Haven't read the replies but my first thoughts:
- call her a couple days beforehand just to let her get it all out
- let her do the talking at the beginning of brunch so her need to be heard is taken care of so she (hopefully) won't interrupt later
- compliment her on the positive ways she's handling her aloneness so she starts to see it differently
02-20-2023 05:39 PM
I've told interrupters "Let me finish this thought real quick otherwise I'll forget what I wanted to say," to just put it on myself and not an outright rebuke.
02-20-2023 05:39 PM
My husband does this to me a lot! He finishes my thought because after 41 years he knows what I am going to say I guess but I want to say it! I will say "so like I was saying!"
02-20-2023 05:42 PM
I am blessed to still have girlfriends I have known for 67 years, we met at grammar school. We meet for lunch and keep in touch through e-mails and phone calls. Sadly our one friend has alzheimer's and doesn't communicate but is always smiling and seems very comfortable with us. We are listeners and try not to interrupt each other. If we do, we say excuse me but......We have such fun and much laughter going on, most of our conversations are up beat. But whether happy or sad we always listen to what each one of us is saying. We were all taught not to be rude and I guess we continue that childhood lesson.
02-20-2023 05:46 PM
In a situation like that, why not ask the group what they find annoying about YOU and what they would like you to change.
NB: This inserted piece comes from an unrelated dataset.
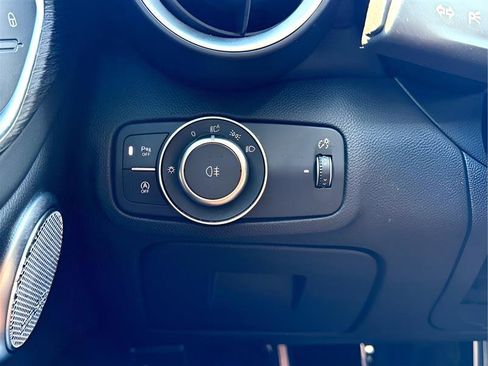 Used 2022 Alfa Romeo Giulia Ti image 18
See how that goes first. See how you feel and what you would like to have been said and how.
02-20-2023 05:50 PM
@Sooner wrote:
In a situation like that, why not ask the group what they find annoying about YOU and what they would like you to change.
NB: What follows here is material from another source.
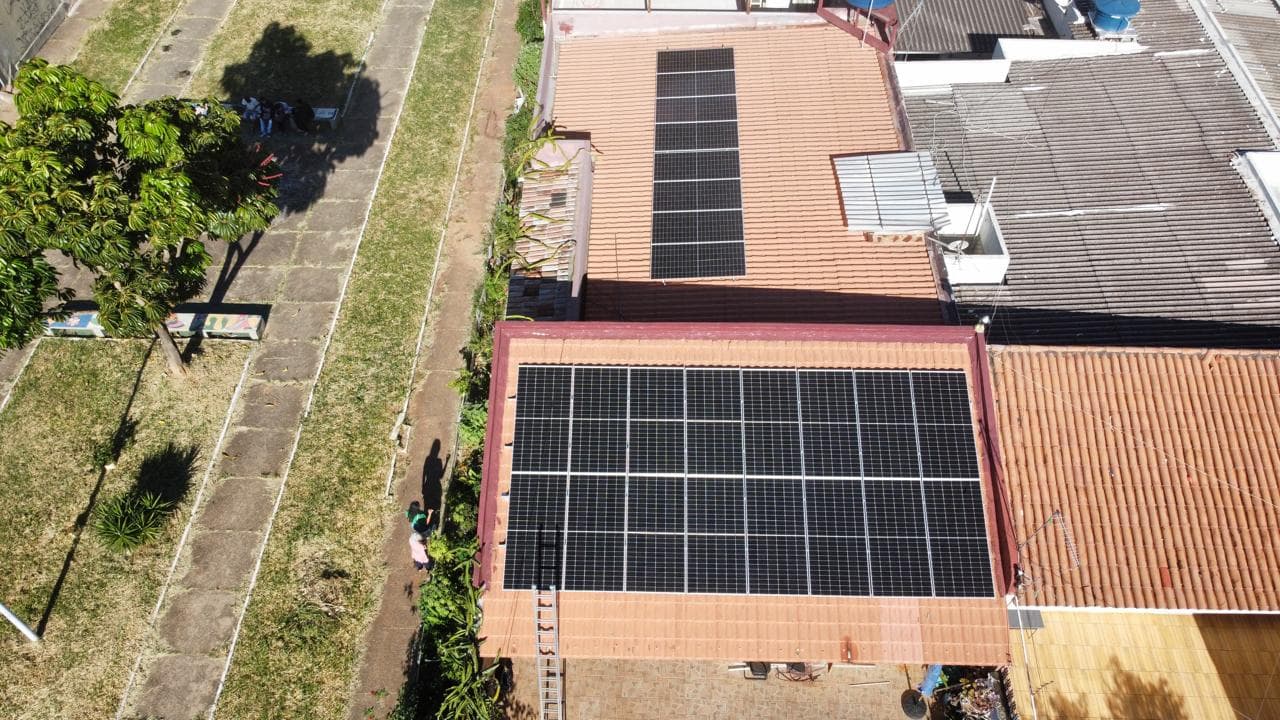 Imagem do projeto 8, com vista superior mostrando painéis solares.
See how that goes first. See how you feel and what you would like to have been said and how.
@Sooner We actually did that once when we were teenagers. It turned into a big bashing session and everyone ended up with hurt feelings. I wonder if we'd be better at it now? 🤷♀️
02-20-2023 05:52 PM
@JeanLouiseFinch wrote:
@Sooner wrote:
In a situation like that, why not ask the group what they find annoying about YOU and what they would like you to change.
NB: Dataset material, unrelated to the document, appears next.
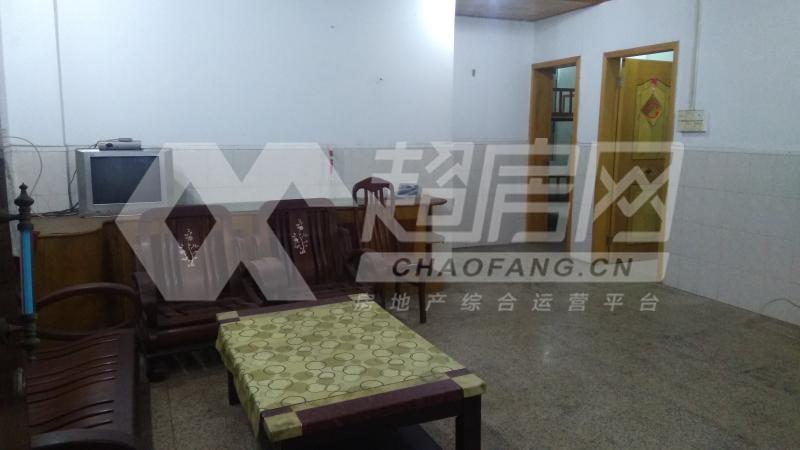 杏中教苑出租房客厅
See how that goes first. See how you feel and what you would like to have been said and how.
@Sooner We actually did that once when we were teenagers. It turned into a big bashing session and everyone ended up with hurt feelings. I wonder if we'd be better at it now? 🤷♀️
@JeanLouiseFinch Better at bashing?
Well, that's a possibility. ![]()
02-20-2023 05:52 PM
@Sooner wrote:
@JeanLouiseFinch wrote:
@Sooner wrote:
In a situation like that, why not ask the group what they find annoying about YOU and what they would like you to change.
See how that goes first. See how you feel and what you would like to have been said and how.
@Sooner We actually did that once when we were teenagers. It turned into a big bashing session and everyone ended up with hurt feelings. I wonder if we'd be better at it now? 🤷♀️
@JeanLouiseFinch Better at bashing?
Well, that's a possibility.
😆😆😆😆😆😆
02-20-2023 05:56 PM - edited 02-20-2023 05:58 PM
I heard Dr. Laura's radio program last week while driving and a caller had a similar situation. Dr. Laura was pretty adamant about the fact that some people are clueless, selfish, and just don't know how to be a friend. She may be very nice, but it is difficult to be around a chronic complainer who monopolize the conversation. Dr. Laura's advice was to pretty much eliminate her from the group. Emotional victims always make the conversations about them. It's exhausting to be around, especially when you ladies are trying to enjoy lunch. You can call her out on her interrupting, but I doubt it will stop her. People like that have been talk-aholics their entire life.
02-20-2023 05:58 PM
Having difficulty with conversations can be a symptom of ADHD. People of any age can have it, diagnosed or not. It could also be that she is lonely, and does not have regular conversations with others, and perhaps is unable to self-moderate.